Atomic Transaction
IOTA 1.0 used the concept of bundles to create transfers. Bundles are a set of transactions that are linked together by their root reference. These transactions have a fixed layout and size regardless of their "content". A signature with security level 1 would also fit into just one transaction, but security level 2 signatures are used by default. However, since the level 2 signature of value transactions does not fit into a single transaction, at least 3 transactions must be used to create a simple transmission: 2 transactions for the input + its signature and one transaction (without signature). Another disadvantage of bundles is mainly faced by developers, because it is much more complicated to get all transactions from a bundle and arrange them properly, instead of just processing a single message.
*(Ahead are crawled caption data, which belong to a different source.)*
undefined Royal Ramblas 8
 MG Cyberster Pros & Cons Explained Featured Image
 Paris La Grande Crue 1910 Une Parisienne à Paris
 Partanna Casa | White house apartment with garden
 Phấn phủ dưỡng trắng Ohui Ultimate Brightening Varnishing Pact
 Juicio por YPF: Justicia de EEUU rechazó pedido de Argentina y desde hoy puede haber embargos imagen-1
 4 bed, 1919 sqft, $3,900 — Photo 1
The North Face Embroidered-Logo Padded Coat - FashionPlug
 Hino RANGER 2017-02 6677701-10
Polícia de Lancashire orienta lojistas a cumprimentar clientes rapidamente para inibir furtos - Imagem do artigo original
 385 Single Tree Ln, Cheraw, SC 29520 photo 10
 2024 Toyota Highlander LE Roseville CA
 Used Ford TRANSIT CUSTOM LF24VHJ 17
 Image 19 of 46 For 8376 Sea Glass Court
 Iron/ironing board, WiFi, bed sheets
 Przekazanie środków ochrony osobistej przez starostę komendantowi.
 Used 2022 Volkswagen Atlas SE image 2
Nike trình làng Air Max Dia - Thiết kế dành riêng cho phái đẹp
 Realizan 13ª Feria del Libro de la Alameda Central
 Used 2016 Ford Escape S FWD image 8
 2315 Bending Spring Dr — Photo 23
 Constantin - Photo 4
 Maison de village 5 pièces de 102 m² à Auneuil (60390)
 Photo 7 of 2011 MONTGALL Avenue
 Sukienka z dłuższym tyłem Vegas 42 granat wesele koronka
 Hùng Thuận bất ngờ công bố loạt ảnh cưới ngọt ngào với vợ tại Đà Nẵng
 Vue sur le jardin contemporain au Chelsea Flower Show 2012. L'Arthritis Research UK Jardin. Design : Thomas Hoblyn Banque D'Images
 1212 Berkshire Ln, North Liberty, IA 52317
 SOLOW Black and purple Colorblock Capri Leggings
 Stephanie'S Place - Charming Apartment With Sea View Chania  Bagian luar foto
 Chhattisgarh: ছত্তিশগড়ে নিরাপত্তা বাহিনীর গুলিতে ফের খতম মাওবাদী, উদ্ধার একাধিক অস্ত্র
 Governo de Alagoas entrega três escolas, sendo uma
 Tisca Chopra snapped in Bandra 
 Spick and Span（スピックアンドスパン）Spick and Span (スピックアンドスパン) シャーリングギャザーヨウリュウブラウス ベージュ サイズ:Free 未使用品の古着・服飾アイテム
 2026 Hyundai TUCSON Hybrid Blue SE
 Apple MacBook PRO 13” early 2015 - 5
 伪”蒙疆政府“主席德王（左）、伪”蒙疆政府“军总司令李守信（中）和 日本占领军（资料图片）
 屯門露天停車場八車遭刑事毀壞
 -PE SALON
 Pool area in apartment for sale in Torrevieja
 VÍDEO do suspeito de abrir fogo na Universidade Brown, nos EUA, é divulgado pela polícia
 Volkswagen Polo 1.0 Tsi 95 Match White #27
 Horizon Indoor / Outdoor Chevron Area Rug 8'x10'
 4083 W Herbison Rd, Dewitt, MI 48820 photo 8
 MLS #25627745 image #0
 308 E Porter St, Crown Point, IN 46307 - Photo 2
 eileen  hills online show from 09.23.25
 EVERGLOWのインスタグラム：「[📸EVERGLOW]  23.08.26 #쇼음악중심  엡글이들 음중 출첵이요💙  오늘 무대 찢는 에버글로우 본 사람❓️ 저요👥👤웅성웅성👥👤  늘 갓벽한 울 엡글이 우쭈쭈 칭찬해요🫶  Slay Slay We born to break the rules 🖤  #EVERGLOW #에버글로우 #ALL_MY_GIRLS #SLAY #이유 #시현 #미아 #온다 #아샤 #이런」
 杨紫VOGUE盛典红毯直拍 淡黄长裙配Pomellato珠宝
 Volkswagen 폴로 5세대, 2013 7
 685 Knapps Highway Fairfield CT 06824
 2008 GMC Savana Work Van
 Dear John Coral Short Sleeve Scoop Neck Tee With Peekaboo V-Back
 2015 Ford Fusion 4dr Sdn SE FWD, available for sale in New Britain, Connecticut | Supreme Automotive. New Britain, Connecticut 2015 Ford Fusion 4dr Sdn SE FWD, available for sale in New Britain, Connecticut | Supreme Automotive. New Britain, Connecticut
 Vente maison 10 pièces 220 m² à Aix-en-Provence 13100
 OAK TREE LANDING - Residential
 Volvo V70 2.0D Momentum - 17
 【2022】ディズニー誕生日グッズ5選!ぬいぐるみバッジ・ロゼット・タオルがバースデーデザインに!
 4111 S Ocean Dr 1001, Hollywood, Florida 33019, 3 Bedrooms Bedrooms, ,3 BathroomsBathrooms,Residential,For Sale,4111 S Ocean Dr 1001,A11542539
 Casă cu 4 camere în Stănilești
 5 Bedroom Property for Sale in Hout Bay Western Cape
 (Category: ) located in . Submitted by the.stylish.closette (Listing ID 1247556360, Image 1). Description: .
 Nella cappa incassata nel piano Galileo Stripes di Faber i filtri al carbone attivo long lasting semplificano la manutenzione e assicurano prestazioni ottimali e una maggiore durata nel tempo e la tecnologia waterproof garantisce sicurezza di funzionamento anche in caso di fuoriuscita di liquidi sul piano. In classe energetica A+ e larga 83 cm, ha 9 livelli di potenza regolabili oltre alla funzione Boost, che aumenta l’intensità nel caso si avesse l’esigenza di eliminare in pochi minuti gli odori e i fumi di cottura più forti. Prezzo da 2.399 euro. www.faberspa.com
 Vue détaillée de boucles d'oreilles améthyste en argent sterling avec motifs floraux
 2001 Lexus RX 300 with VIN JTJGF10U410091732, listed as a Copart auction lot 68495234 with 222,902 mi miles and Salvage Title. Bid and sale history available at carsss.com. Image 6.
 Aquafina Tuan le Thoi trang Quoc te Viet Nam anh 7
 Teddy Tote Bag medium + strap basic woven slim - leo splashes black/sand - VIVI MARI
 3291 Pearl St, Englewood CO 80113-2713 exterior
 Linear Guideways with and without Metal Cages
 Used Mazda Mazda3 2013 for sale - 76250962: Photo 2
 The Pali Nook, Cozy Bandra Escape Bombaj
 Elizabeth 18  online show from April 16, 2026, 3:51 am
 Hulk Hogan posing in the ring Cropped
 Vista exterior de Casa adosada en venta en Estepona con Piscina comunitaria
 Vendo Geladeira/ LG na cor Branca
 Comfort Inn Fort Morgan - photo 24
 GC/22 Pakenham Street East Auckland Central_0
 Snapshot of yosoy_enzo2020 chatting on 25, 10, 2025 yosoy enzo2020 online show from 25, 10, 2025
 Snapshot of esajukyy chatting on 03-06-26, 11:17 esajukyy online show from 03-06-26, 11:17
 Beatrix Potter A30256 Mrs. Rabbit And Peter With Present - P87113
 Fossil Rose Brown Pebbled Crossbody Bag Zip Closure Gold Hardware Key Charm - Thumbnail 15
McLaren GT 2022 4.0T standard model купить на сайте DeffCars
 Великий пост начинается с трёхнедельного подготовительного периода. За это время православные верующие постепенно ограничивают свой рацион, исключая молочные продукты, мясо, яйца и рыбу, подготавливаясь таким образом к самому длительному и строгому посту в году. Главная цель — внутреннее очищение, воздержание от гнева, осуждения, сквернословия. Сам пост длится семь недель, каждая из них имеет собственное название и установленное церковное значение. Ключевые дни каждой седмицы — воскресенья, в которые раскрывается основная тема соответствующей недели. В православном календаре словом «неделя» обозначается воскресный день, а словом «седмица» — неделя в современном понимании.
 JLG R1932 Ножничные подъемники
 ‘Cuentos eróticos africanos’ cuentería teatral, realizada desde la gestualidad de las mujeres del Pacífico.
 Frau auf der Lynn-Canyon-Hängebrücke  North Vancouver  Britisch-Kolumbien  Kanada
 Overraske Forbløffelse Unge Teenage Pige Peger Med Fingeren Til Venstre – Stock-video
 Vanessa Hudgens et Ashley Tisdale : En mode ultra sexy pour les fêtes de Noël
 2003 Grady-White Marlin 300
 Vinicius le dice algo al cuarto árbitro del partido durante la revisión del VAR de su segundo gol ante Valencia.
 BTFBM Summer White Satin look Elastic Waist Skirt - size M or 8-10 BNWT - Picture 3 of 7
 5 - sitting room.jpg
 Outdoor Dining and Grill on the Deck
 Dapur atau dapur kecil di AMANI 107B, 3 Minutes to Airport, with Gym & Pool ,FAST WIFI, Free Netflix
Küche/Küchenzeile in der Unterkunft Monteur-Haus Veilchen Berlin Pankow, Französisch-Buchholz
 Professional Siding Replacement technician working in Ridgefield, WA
With the update to IOTA 1.5, the old bundle construct was removed, and the more simple Atomic Transactions were introduced instead. This change brings the following benefits:
Less network overhead: The transaction format can be adapted so that only the information that is really needed is transmitted. A lot of unnecessary information, such as for the successive transactions of a bundle, can be dispensed
Fewer signature verifications: After Coordicide, each transaction must include the node ID and signature of the node that issued the transaction. This means that for a simple transmission, the signatures of at least 3 transactions must be verified. Signature verification is the most costly part of transaction processing. Therefore, the introduction of node IDs would reduce node performance by at least 300% if the original bundle approach is maintained. The bottom line is that nodes will be able to process hundreds, perhaps even thousands, fewer transactions than would be the case with atomic transactions.
Better spam protection and overload control: The size of the bundle is not known until the last transaction has arrived. This could result in a certain number of transactions being accepted and routed, only to discover later that the issuing node has exceeded its quota (rate control) and subsequently disregard all further transactions. This means that transactions were currently being routed and processed that should have been filtered from the beginning if it had been known that the issuing node was trying to send a transfer that was too large. This could even open up an attack vector where a node issues different bundles to different people, who all start processing the bundle’s transactions and then drop them at different times, unnecessarily increasing the load on the network.
Shorter Merkle proofs (for Sharding): Merkle proofs for inter-shard transactions become much shorter (at least 300%) when not all transactions in a bundle have to be passed through to get to the next transfer. This makes inter-shard transactions much faster and more lightweight.
Developer-friendly: Single messages are much easier to process.
Conclusion: Atomic transactions are much faster, more flexible (variable transaction size) and put less load on the network. They are also better suited for later Sharding / slicing than bundles.